**SUPPLIED DATA:**

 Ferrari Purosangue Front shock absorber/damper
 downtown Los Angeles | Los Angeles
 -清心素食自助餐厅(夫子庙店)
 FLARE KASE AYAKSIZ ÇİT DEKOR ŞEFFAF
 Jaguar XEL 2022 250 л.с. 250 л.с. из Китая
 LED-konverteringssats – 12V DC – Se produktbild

==

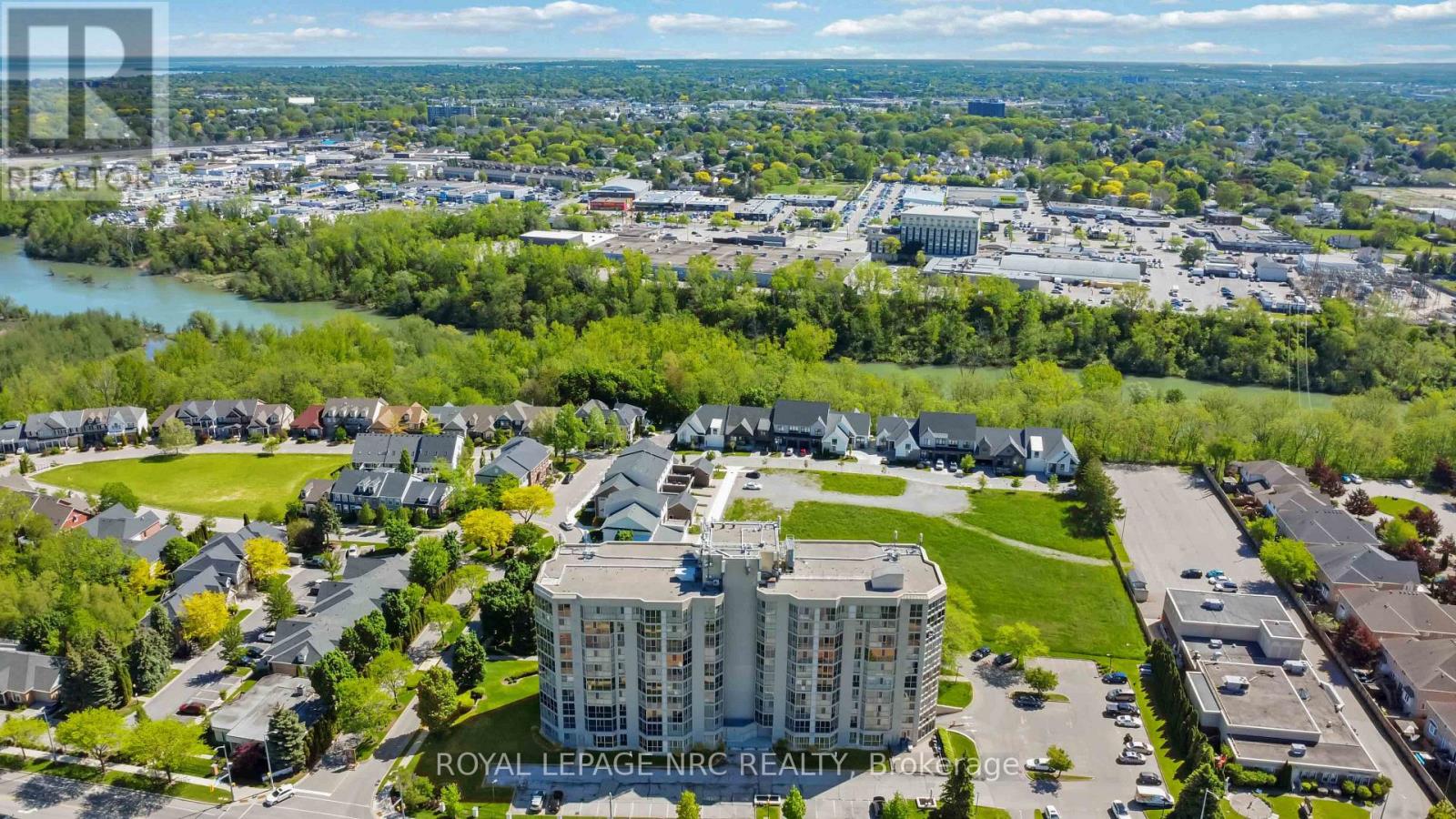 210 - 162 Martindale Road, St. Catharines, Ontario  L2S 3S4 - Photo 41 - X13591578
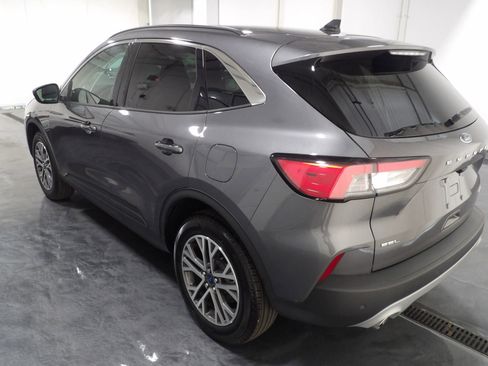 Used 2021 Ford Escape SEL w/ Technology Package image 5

**REQUIRED ACTION:** Please give an exact copy of the entries above, from the line with "Ferrari Purosangue Front" down to the line with "LED-konverteringssats – 12V", inclusive, and nothing else.

**EXERCISE SOLUTION:**
 Ferrari Purosangue Front shock absorber/damper
 downtown Los Angeles | Los Angeles
 -清心素食自助餐厅(夫子庙店)
 FLARE KASE AYAKSIZ ÇİT DEKOR ŞEFFAF
 Jaguar XEL 2022 250 л.с. 250 л.с. из Китая
 LED-konverteringssats – 12V DC – Se produktbild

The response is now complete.